Assignment
Each of the entries below should be written out exactly as it reads.

*** Records ***

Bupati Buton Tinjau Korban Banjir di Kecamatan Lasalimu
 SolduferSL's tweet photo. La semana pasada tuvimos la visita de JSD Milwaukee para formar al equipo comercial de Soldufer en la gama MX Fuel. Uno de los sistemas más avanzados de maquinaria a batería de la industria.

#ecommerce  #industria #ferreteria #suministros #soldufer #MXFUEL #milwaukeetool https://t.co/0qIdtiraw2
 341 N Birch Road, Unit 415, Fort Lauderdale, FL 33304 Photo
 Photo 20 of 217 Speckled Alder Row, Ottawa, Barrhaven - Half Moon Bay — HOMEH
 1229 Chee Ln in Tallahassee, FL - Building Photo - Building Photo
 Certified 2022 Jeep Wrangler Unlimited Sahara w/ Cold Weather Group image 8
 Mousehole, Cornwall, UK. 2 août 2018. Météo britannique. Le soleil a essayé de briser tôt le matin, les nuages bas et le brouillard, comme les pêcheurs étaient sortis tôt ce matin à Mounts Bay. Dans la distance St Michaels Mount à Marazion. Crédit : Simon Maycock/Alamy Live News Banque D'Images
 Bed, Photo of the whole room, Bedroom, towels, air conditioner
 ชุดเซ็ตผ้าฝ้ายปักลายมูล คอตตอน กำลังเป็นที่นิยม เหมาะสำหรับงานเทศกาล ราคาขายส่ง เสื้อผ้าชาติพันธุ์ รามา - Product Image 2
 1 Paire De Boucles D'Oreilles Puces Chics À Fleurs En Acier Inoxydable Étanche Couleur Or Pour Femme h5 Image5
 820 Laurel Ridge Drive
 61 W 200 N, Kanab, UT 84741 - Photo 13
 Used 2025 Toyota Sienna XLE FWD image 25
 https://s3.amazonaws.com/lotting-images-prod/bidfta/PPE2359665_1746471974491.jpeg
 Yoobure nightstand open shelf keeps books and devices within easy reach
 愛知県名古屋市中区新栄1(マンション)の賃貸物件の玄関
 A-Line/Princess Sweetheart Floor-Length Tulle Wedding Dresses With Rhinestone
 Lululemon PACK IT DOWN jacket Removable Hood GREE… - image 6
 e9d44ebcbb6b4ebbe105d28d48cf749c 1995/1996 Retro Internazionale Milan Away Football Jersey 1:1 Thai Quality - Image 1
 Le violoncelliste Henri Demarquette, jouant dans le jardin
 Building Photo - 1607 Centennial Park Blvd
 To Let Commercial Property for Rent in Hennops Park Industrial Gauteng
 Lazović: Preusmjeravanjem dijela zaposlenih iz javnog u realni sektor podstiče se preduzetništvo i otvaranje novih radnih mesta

***

Answer space
Bupati Buton Tinjau Korban Banjir di Kecamatan Lasalimu
 SolduferSL's tweet photo. La semana pasada tuvimos la visita de JSD Milwaukee para formar al equipo comercial de Soldufer en la gama MX Fuel. Uno de los sistemas más avanzados de maquinaria a batería de la industria.

#ecommerce  #industria #ferreteria #suministros #soldufer #MXFUEL #milwaukeetool https://t.co/0qIdtiraw2
 341 N Birch Road, Unit 415, Fort Lauderdale, FL 33304 Photo
 Photo 20 of 217 Speckled Alder Row, Ottawa, Barrhaven - Half Moon Bay — HOMEH
 1229 Chee Ln in Tallahassee, FL - Building Photo - Building Photo
 Certified 2022 Jeep Wrangler Unlimited Sahara w/ Cold Weather Group image 8
 Mousehole, Cornwall, UK. 2 août 2018. Météo britannique. Le soleil a essayé de briser tôt le matin, les nuages bas et le brouillard, comme les pêcheurs étaient sortis tôt ce matin à Mounts Bay. Dans la distance St Michaels Mount à Marazion. Crédit : Simon Maycock/Alamy Live News Banque D'Images
 Bed, Photo of the whole room, Bedroom, towels, air conditioner
 ชุดเซ็ตผ้าฝ้ายปักลายมูล คอตตอน กำลังเป็นที่นิยม เหมาะสำหรับงานเทศกาล ราคาขายส่ง เสื้อผ้าชาติพันธุ์ รามา - Product Image 2
 1 Paire De Boucles D'Oreilles Puces Chics À Fleurs En Acier Inoxydable Étanche Couleur Or Pour Femme h5 Image5
 820 Laurel Ridge Drive
 61 W 200 N, Kanab, UT 84741 - Photo 13
 Used 2025 Toyota Sienna XLE FWD image 25
 https://s3.amazonaws.com/lotting-images-prod/bidfta/PPE2359665_1746471974491.jpeg
 Yoobure nightstand open shelf keeps books and devices within easy reach
 愛知県名古屋市中区新栄1(マンション)の賃貸物件の玄関
 A-Line/Princess Sweetheart Floor-Length Tulle Wedding Dresses With Rhinestone
 Lululemon PACK IT DOWN jacket Removable Hood GREE… - image 6
 e9d44ebcbb6b4ebbe105d28d48cf749c 1995/1996 Retro Internazionale Milan Away Football Jersey 1:1 Thai Quality - Image 1
 Le violoncelliste Henri Demarquette, jouant dans le jardin
 Building Photo - 1607 Centennial Park Blvd
 To Let Commercial Property for Rent in Hennops Park Industrial Gauteng
 Lazović: Preusmjeravanjem dijela zaposlenih iz javnog u realni sektor podstiče se preduzetništvo i otvaranje novih radnih mesta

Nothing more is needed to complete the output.